August 11, 2019 | By:
Witch Hazel, Hamamelis virginiana, © NFA

Northern Forest Atlas Project

Featured image credit:  Witch Hazel, Hamamelis virginiana, © NFA

We introduce The Northern Forest Atlas Project, an organization we greatly admire for their contribution to the protection of these vital forests. This profile is drawn from the NFAP website, northernforestatlas.org. Field guides, plant charts, blogs, and photos from NFAP are all state-of-the-art works of biological wonder and important tools for helping build support for protecting the Northern Forest. ~ editors

From eastern Maine and the Maritimes to the prairie’s edge in Minnesota and Manitoba, the Northern Forest in northeast North America is a standard of great forests, large, diverse, and surprisingly continuous. “In a world in which much forest has been lost or damaged, and where natural carbon storage is critical to the future of the planet, the Northern Forest is very important.” It’s continuing importance depends upon its integrity and health.

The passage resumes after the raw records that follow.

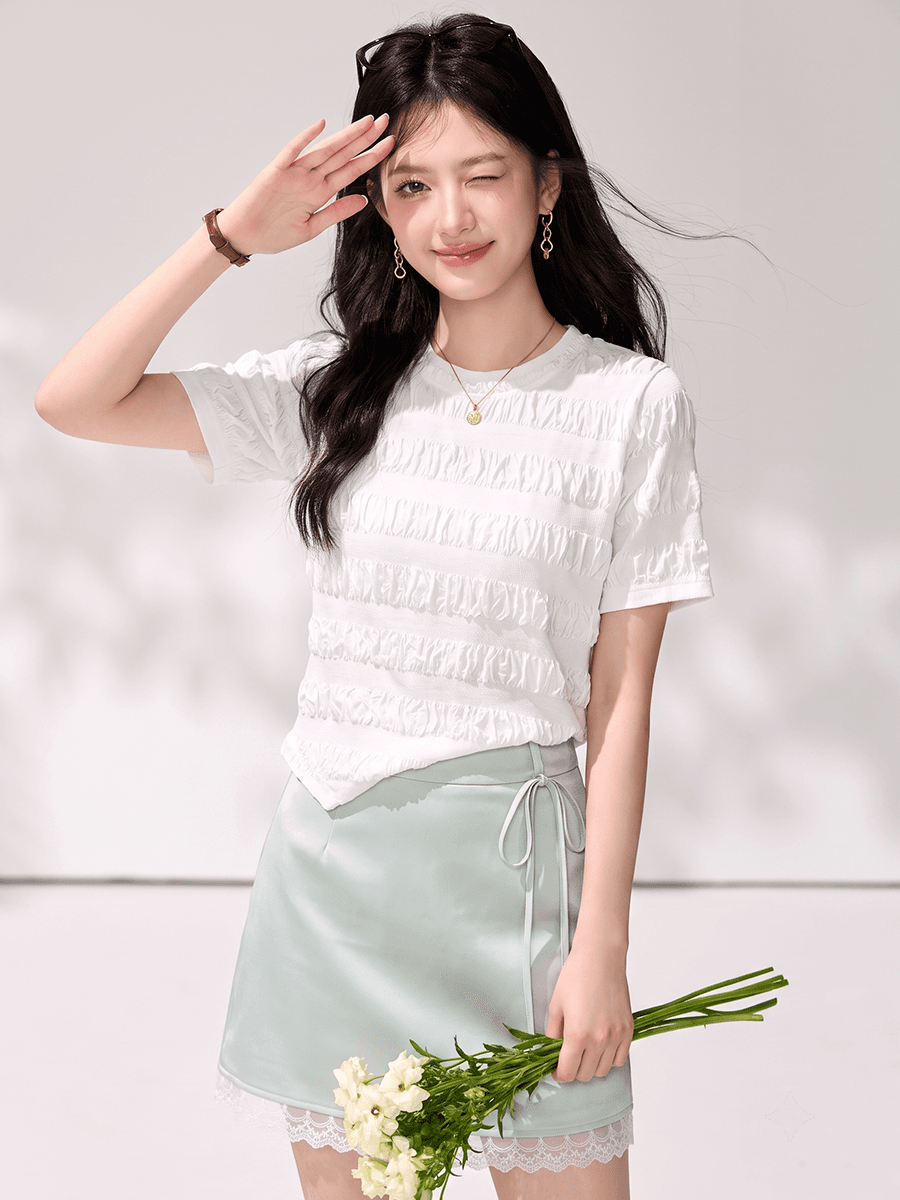 실사 불규칙 밑단 반팔 티셔츠 여성 2026 여름 새로운 Chic 디자인 센스 작은 대중 주름 맨위 이미지 2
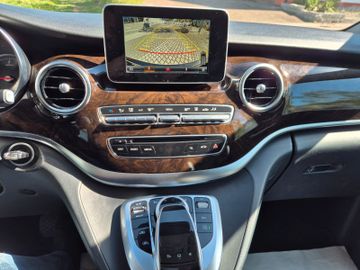 Mercedes V 250 - 9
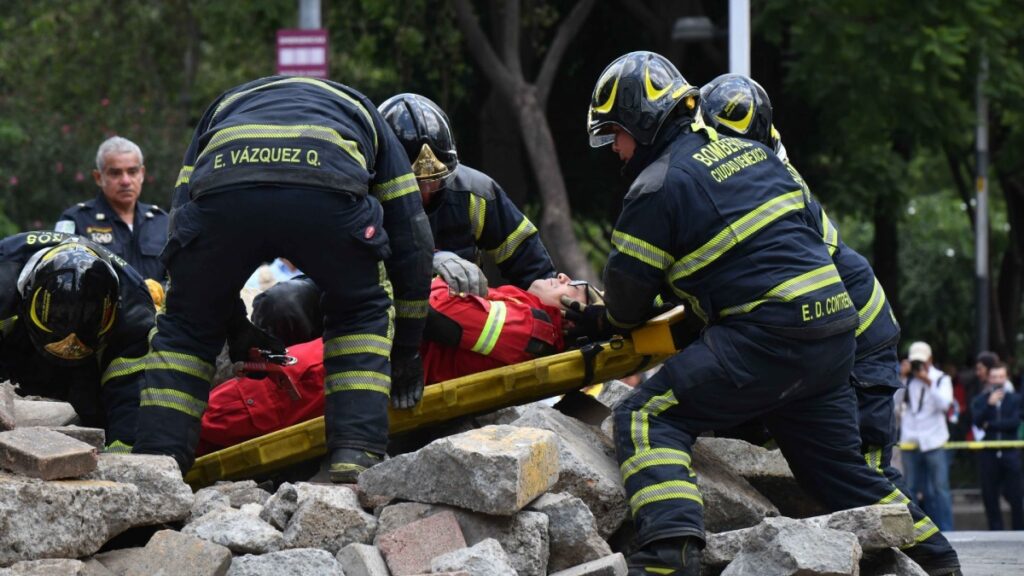 Ejercicios simulados por sismo. Foto: Cuartoscuro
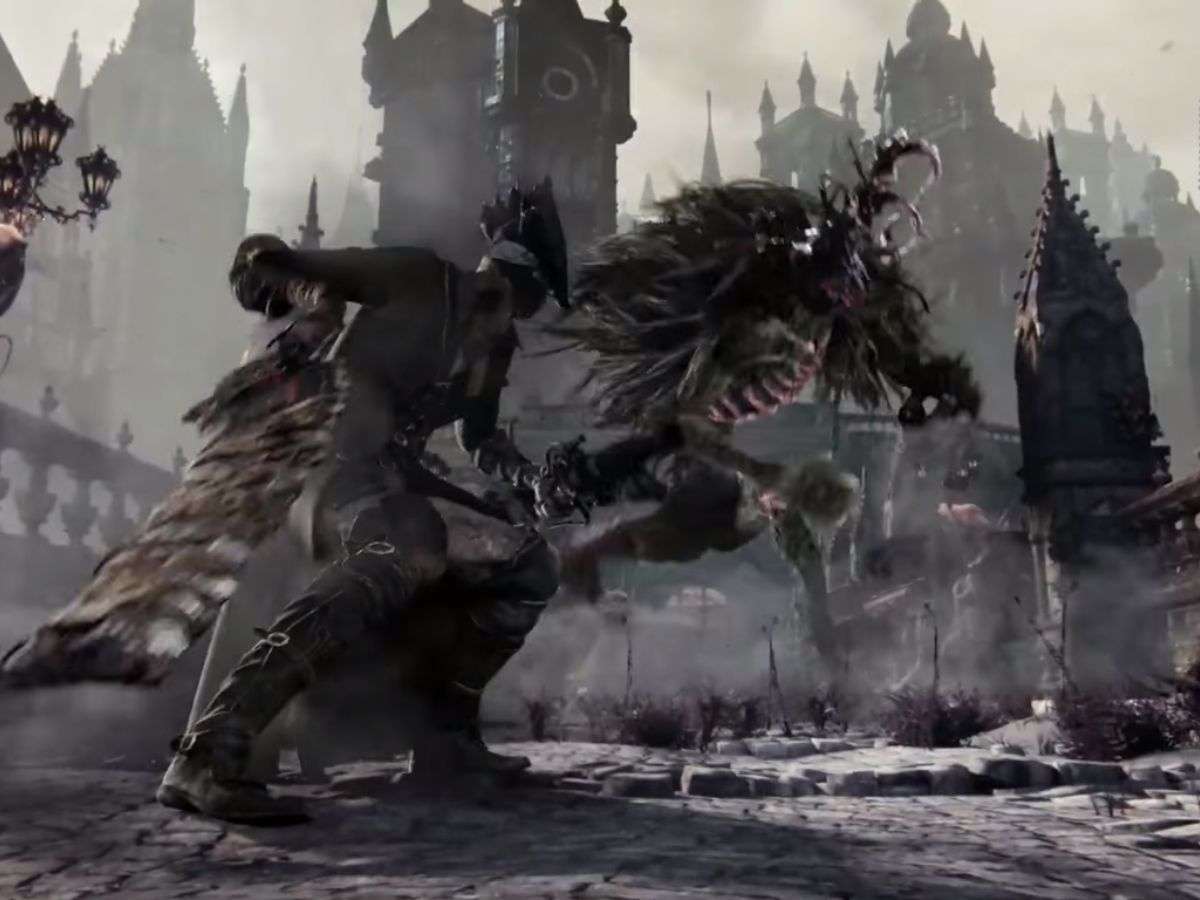 cacciatore di bloodborne con capello nero e vestito nero che carica attacco contro nemico ferale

Adirondack High Peaks from air, © NFA

Adirondack High Peaks from air, © NFA

The Northern Forest Atlas Project was created to protect that integrity and health by documenting the current biology of the forests and providing tools for the next generation of naturalists and conservationists who will study and protect them. Conservation philanthropist Ed McNeil and biologist Jerry Jenkins conceived the Atlas in 2011 to: “create a library of photos and air videos showing the landscapes, plants and animals of the northern forest; to create photographic and diagrammatic atlases, both paper and digital, for plants and landscapes; and to design and produce a series of modern field guides to plants and ecology.”

Burr-oak Thickets on Sand Hills, Western Minnesota, © NFA

Burr-oak Thickets on Sand Hills, Western Minnesota, © NFA

Their beautiful summary explains the Project’s vast work, which includes approximately 5,000 photos and videos and makes available a dozen atlases and charts. The imagery currently focuses on woody plants, mosses, sedges, and landscapes. Grasses, herbs, forest ecology and mammals will follow. Their first charts and digital atlases are for mosses and landscapes. Their first book is a field guide to woody plants; and sedge and moss field guides will soon be available.

Woody Plants of the Northern Forest

Woody Plants of the Northern Forest

An index of their products, which includes Charts and Posters, Decorative Products, Digital Atlases, Field Guides, Graphics for Download, and Photographic Guides can be found here. Their website also includes a “Quick Guide to Northern Forest Landscapes” and introductions to photographic technique. This is all accomplished by exceptional board, staff, and collaborators.

AirCam at Utowana Lakes, Adirondacks, © NFA

AirCam at Utowana Lakes, Adirondacks, © NFA

Thoughts from a New Hampshire ex-pat on the Rewilding Earth editorial team: Conservation of any natural area requires deep knowledge of what is being protected and support from enough people informed of what is at stake who will rally to the cause. These are educational challenges, and the Northern Forest Atlas Project is tackling them head-on. It aims to document and present in accessible detail the beauty and biodiversity of what is left of this important biological community in the 21st century. What remains of the Northern Forest in the heavily settled northeastern North America, where I grew up, is likely to continue to shrink in the face of human population growth and development unless someone steps up to make very clear what is to be gained by conservation or lost by exploitation. The Northern Forest Atlas Project is a key part of stepping up to the challenge.